WORK ORDER
Print the complete listing so that it matches the original exactly.

◇ ◇ ◇ ◇

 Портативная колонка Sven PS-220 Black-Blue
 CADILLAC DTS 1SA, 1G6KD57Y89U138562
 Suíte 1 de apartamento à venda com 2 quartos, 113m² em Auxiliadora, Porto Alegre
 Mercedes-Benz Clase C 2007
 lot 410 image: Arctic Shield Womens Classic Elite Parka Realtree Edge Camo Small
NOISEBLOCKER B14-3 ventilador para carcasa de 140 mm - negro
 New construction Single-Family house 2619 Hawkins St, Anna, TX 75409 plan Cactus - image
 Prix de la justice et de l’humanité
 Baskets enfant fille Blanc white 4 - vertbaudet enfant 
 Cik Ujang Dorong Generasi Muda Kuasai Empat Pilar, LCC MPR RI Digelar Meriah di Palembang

◇ ◇ ◇ ◇

RESULT OF THIS EXERCISE
 Портативная колонка Sven PS-220 Black-Blue
 CADILLAC DTS 1SA, 1G6KD57Y89U138562
 Suíte 1 de apartamento à venda com 2 quartos, 113m² em Auxiliadora, Porto Alegre
 Mercedes-Benz Clase C 2007
 lot 410 image: Arctic Shield Womens Classic Elite Parka Realtree Edge Camo Small
NOISEBLOCKER B14-3 ventilador para carcasa de 140 mm - negro
 New construction Single-Family house 2619 Hawkins St, Anna, TX 75409 plan Cactus - image
 Prix de la justice et de l’humanité
 Baskets enfant fille Blanc white 4 - vertbaudet enfant 
 Cik Ujang Dorong Generasi Muda Kuasai Empat Pilar, LCC MPR RI Digelar Meriah di Palembang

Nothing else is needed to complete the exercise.